Ese corpus realista se mantuvo en sus siguientes obras, La casa verde y Conversación en La Catedral, a las que podría sumarse otras más recientes como La fiesta del Chivo. Fueron unos inicios totales, llamados así porque aludían a una obra que aspiraba a abarcar la realidad en toda su complejidad. Es entonces cuando el autor explora otros puntos de vista narrativos y donde empieza a generalizar el salto temporal. 

Es en ese momento cuando llega el conocido como boom literario latinoamericano, es decir, cuando tanto Vargas Llosa como otros autores coetáneos alcanzan su cénit comercial y cultural. Junto a él se suman a esa corriente Gabriel García Márquez, Julio Cortázar o Carlos Fuentes, a los que añaden posteriormente Ernesto Sábato, Jorge Luis Borges, Alejo Carpentier, Juan Rulfo o Juan Carlos Onetti. Aunque cada uno con su estilo propio, lo único que les identificaba como grupo era su origen americano.

Contador de cuentos

A partir de la década de los 70, el peruano diversificó sus registros y atenuó parcialmente la vocación totalizante de sus primeras novelas. Convirtiéndose así en un perfecto contador de cuentos, como  en Pantaleón y las visitadoras o Historia de Mayta. 

Incluso se atreve con otros géneros tales como el thriller en ¿Quién mato a Palomino Moreno?, una breve pieza detectivesca ambientada en el Perú rural de los años 50; el relato histórico en La guerra del fin del mundo, en donde recrea la insurrección de Canudos con una minuciosa documentación histórica; o el relato erótico en Elogio de la madrastra, una novela corta de tono provocador que, a través de los juegos sexuales de un núcleo familiar burgués, el autor experimenta con la sensualidad y la estética del arte pictórico. 

Llega un momento en el que Vargas Llosa quiere jugar y asomarse a todos los espacios literarios, pero con su particular clase literaria.

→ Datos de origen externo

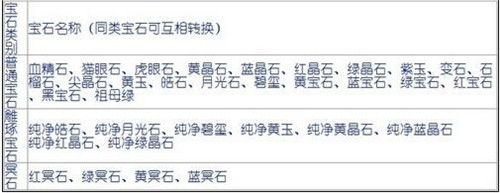 天龙八部宝石转换新功能的性价比简介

Él no hacía realismo mágico como otros autores latinoamericanos o una experimentación literaria extrema, sino que mantiene una tendencia reconocible, es decir, una prosa sobria y precisa, con una construcción rigurosa y cargada de reflexiones sobre la sociedad. 

Pero más allá de sus propias vivencias y experiencias, Vargas Llosa se sustentó en dos escritores con dos tendencias bien distintas, pero que ejercieron una influencia esencial en la literatura del peruano: la corriente americana de William Faulkner y la tendencia europea de Gustave Flaubert. Es más, en alguna ocasión el de Arequipa llegó a confesar que le hubiese gustado ser un autor francés. 

Con el primero aprendió que una novela es como un cuadro, una obra de arte, es decir, un conjunto cuidadosamente elaborado; Flaubert sin embrago era su alter ego, el escritor en el que se veía reflejado, el que utilizaba la palabra justa en el momento adecuado y el que daba una credibilidad absoluta al relato. Él pensaba que la precisión del lenguaje debe conseguir que el autor desaparezca detrás de la historia que está contando.

La querida Lima

Aunque el escritor siempre se mostró orgulloso de haber nacido en Arequipa, la segunda ciudad más importante de Perú, pasó sus primeros años en la boliviana Cochabamba y la norteña Piura, antes de llegar a Lima a los 10 años con sus padres.

Fue en la capital andina donde vivió las experiencias más trascendentales para su vocación literaria, desde el internado militar en Leoncio Prado a sus primeras incursiones periodísticas en el periódico La Crónica o los estudios en la Universidad Nacional Mayor.

Su amada ciudad, esa en la que también murió, ha sido un itinere en toda su obra. Desde La ciudad y los perros, en la que transcurren las aventuras y desventuras de Alberto por los pabellones militares, como en Conversación en La Catedral, donde Lima se convierte en un personaje más. Pero no son los únicos. La tía Julia y el escribidor o los más recientes como Travesuras de la niña mala o Cinco esquinas son reflejos puros de la capital peruana.